**WORK TO COMPLETE:**
Everything from the line containing "1C4RJKBG6P8719663: 42480179" to the end of the listing, both included, should be returned exactly, apart from the pictures.

**TASK MATERIAL:**

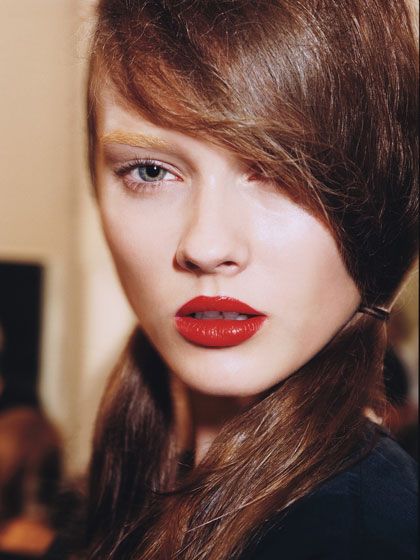 Make up with busy female - Make up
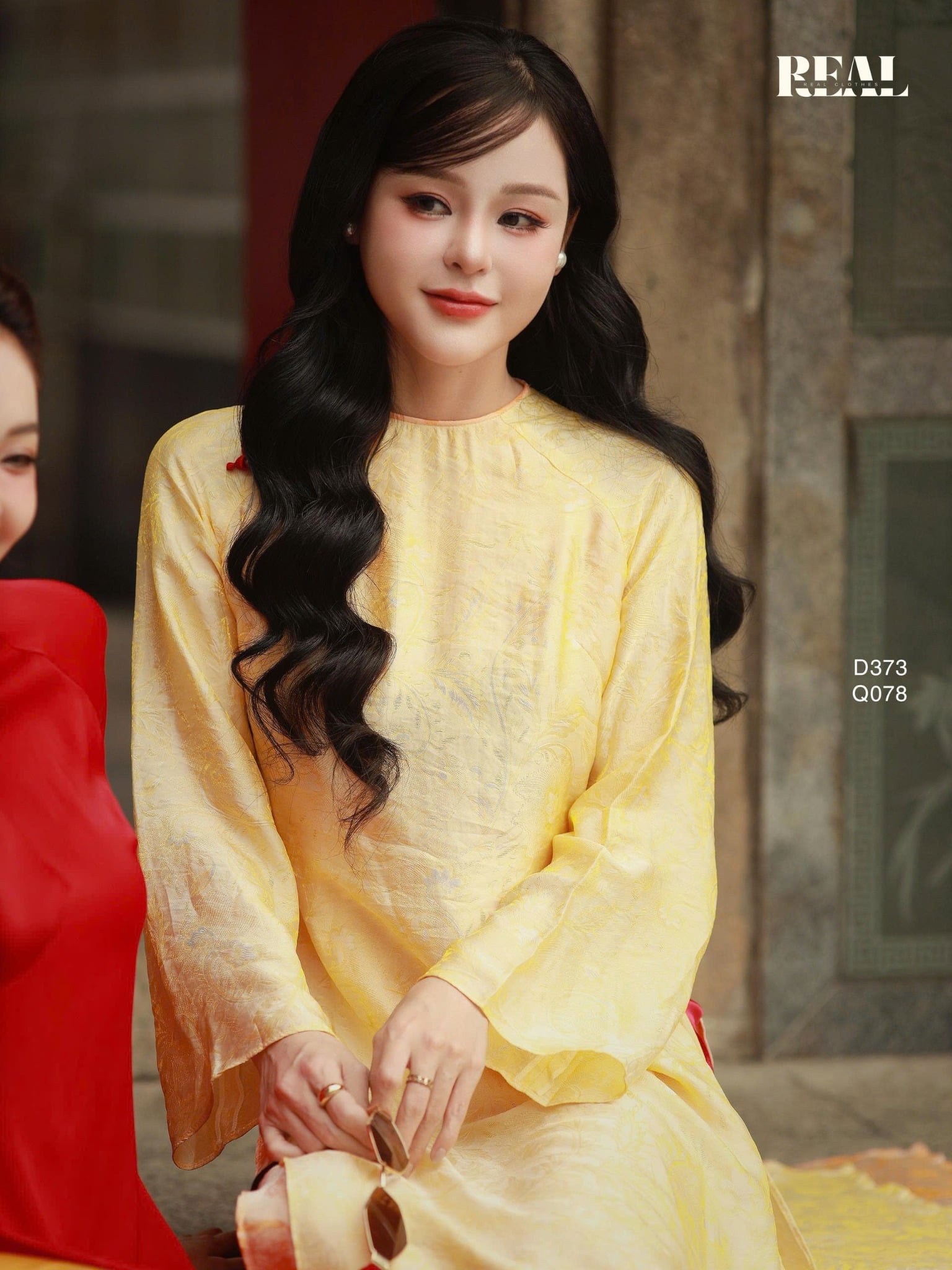 Áo dài cách tân Đoàn Viên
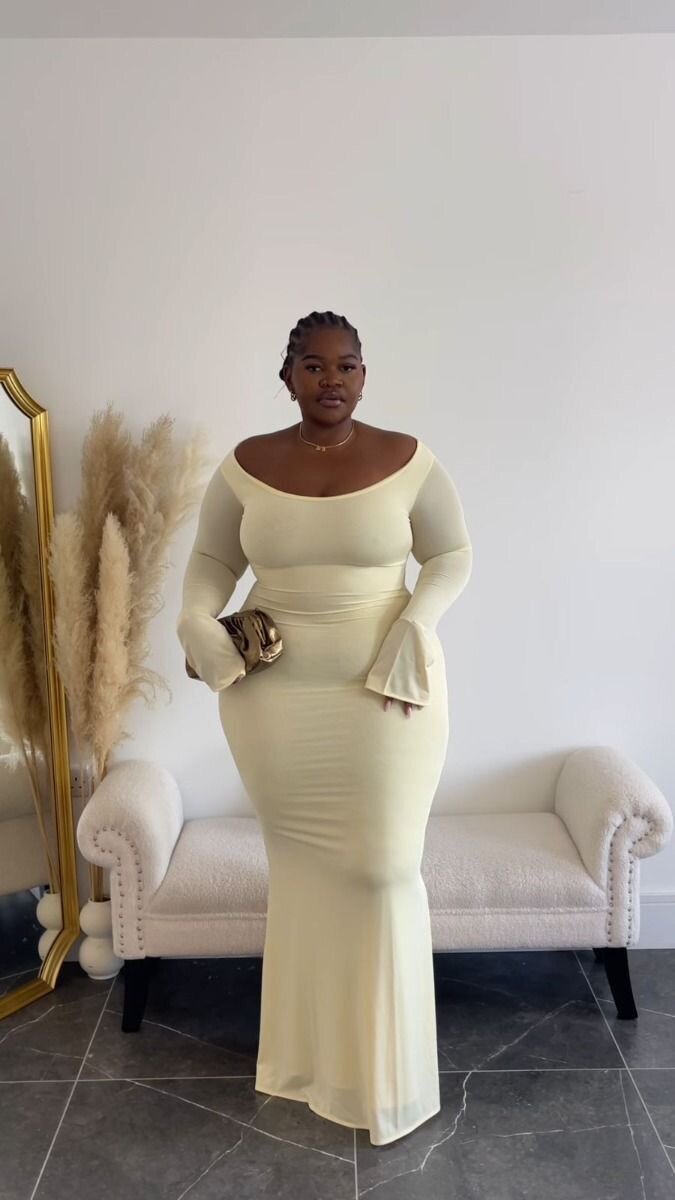 Robe élégante asymétrique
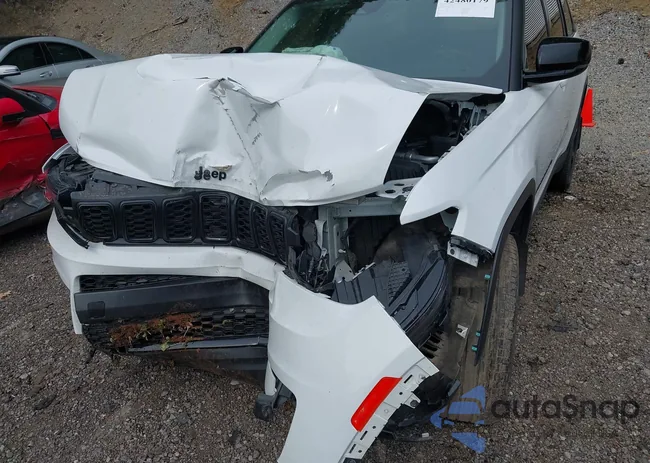 1C4RJKBG6P8719663: 42480179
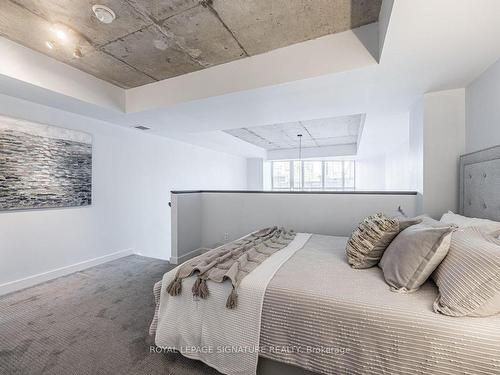 212-255 Richmond St E, Toronto, ON - Indoor Photo Showing Bedroom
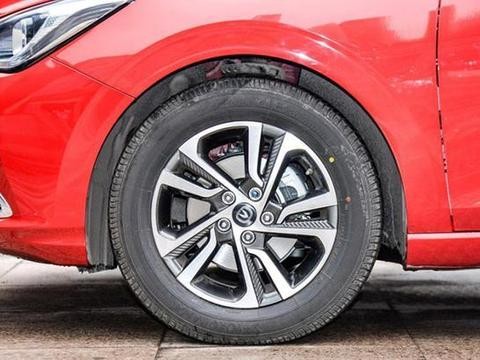 6年卖出70多万辆，换代外观比轩逸好看，7万起步帝豪有压力！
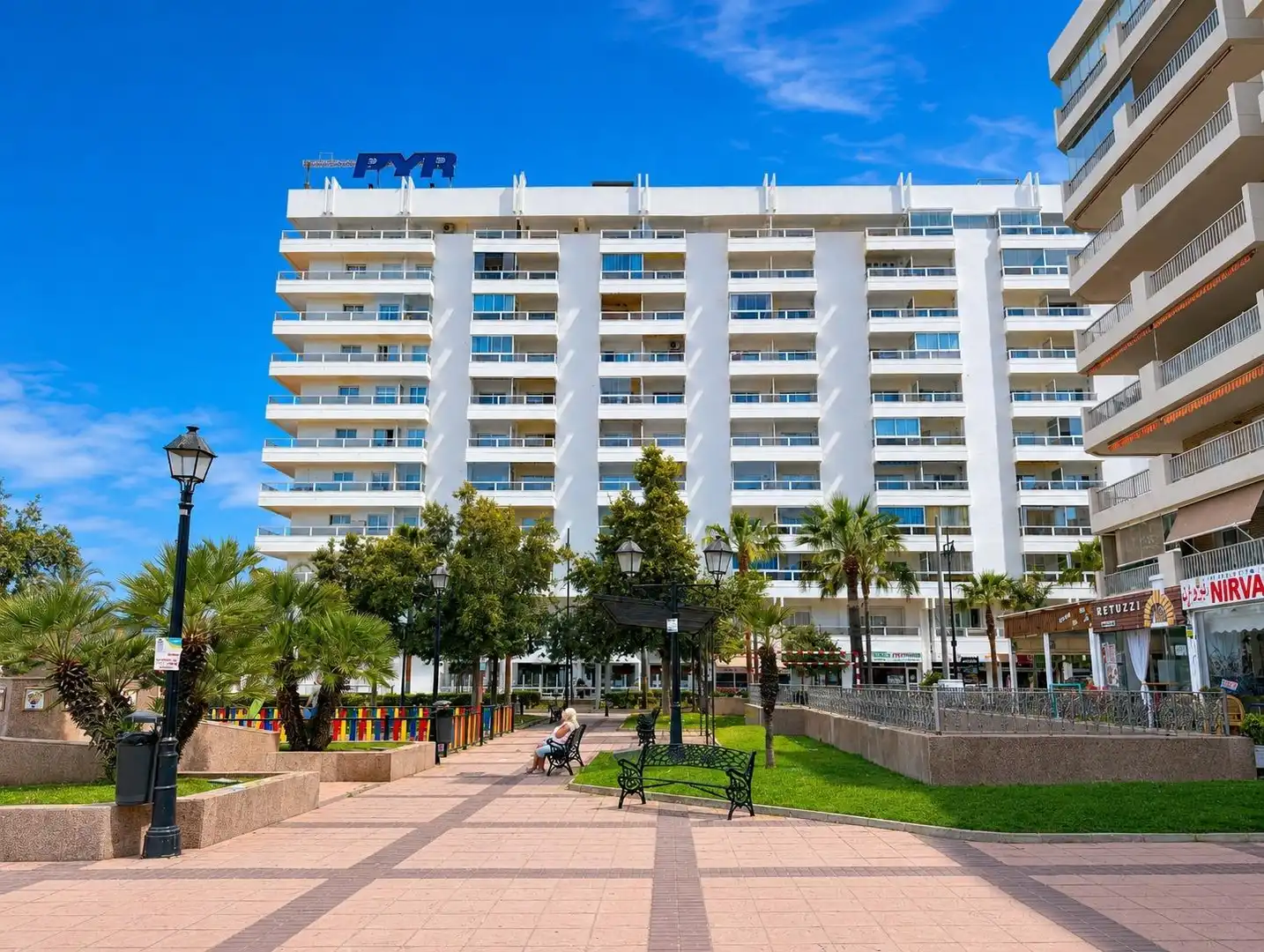 Vista exterior de Estudi en venda en Fuengirola amb Piscina comunitària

**PROBLEM SOLUTION:**
 1C4RJKBG6P8719663: 42480179
 212-255 Richmond St E, Toronto, ON - Indoor Photo Showing Bedroom
 6年卖出70多万辆，换代外观比轩逸好看，7万起步帝豪有压力！
 Vista exterior de Estudi en venda en Fuengirola amb Piscina comunitària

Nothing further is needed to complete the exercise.